First, because research continues to demonstrate that female role models are crucial for inspiring girls to stay in STEM, we must celebrate the many contributions women already make. Recently, the Oscar-nominated film, “Hidden Figures,” brought to light the incredible story of three African-American women whose work at NASA was key to winning the space race in the 1950s. Until this movie, their story was nearly lost to history. Women’s roles in such endeavors often go unrecognized and unsung.
It’s no surprise, then, that because young girls do not see themselves reflected as scientists, engineers, mathematicians and technologists in the world around them, many do not believe they can pursue careers in these fields. Closing the gender gap requires us to challenge and shift these cultural norms.
To that end, Microsoft launched a new movement last year calling on girls to #MakeWhatsNext. The campaign raises awareness of the issues that cause girls to drop out of or lose interest in STEM, and aims to pique their excitement in how they can change the world — if they stay engaged.
The response to #MakeWhatsNext last year was incredible. With more than 14 million video views across social channels, it’s clear that girls’ passion is strengthened when they see female role models who have created innovations that are used in our everyday lives. As the motto goes, “If you see it, you can be it.”
Timed with International Women’s Day 2017, we are building upon the campaign. Today, we released a new video to challenge girls to stay in STEM so they are empowered to solve the problems they care about most, ranging from finding solutions to climate change to curing cancer.
Additionally, to help shift perceptions about STEM jobs, Microsoft and LinkedIn launched a new experiential tool in conjunction with the campaign to demonstrate how girls can pursue their passions across industries and social causes. By 2018, it is projected that 2.4 million STEM jobs will go unfilled. The Career Explorer is a tool to show girls and women different ways that STEM is in demand and inspire them to pursue their passions, talents and skills in these areas.
Second, we must increase access to computer science education. Education is a critical lever to empowering the next generation, yet today only half of all schools in the U.S. offer a computer science curriculum.

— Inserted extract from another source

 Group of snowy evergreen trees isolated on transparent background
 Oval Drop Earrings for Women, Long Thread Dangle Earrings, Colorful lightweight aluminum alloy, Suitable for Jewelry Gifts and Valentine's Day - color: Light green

Partly as a result of that, only 6.7 percent of U.S. girls go on to graduate with STEM degrees, according to BestColleges.com. Among our initiatives to address this challenge, Microsoft provides free computer science learning opportunities and resources throughout the year, via partners including Boys and Girls Clubs of America and Girls Who Code, to reach students of all ages through our YouthSpark program. More than 80 percent of the students who benefit from YouthSpark initiatives globally are from underserved communities, and more than half are female.
Third, industry must step up. As we shared in our most recent workforce demographic update, we are working to close the gender gap at Microsoft. We are dedicating resources to recruit top-notch female talent into technical roles, while working to empower women to take STEM and leadership roles in the tech industry.
Fourth, we must support female inventors. Women currently hold only 7.5 percent of all patents and represent only up to 15 percent of all inventors — at this rate it will take another 140 years for women to obtain parity with their male counterparts. In response, a year ago, Microsoft launched a Patent Program to spur patent creation by leveraging Microsoft’s patent law resources. The program aims to eliminate several barriers to filing for patents including legal guidance and funding, a critical step to empowering women to turn their brilliant ideas into businesses. Among the beneficiaries so far is a group of six young women who invented the world’s first real-time text-to-braille converter.
We started a movement to inspire girls, as well as the parents, educators and nonprofits who encourage and support them, to #MakeWhatsNext. With more encouragement and focused effort, we can address barriers that have been keeping girls out of STEM for far too long. We hope that you’ll join us in growing this movement by sharing these inspiring stories and resources with your friends and family.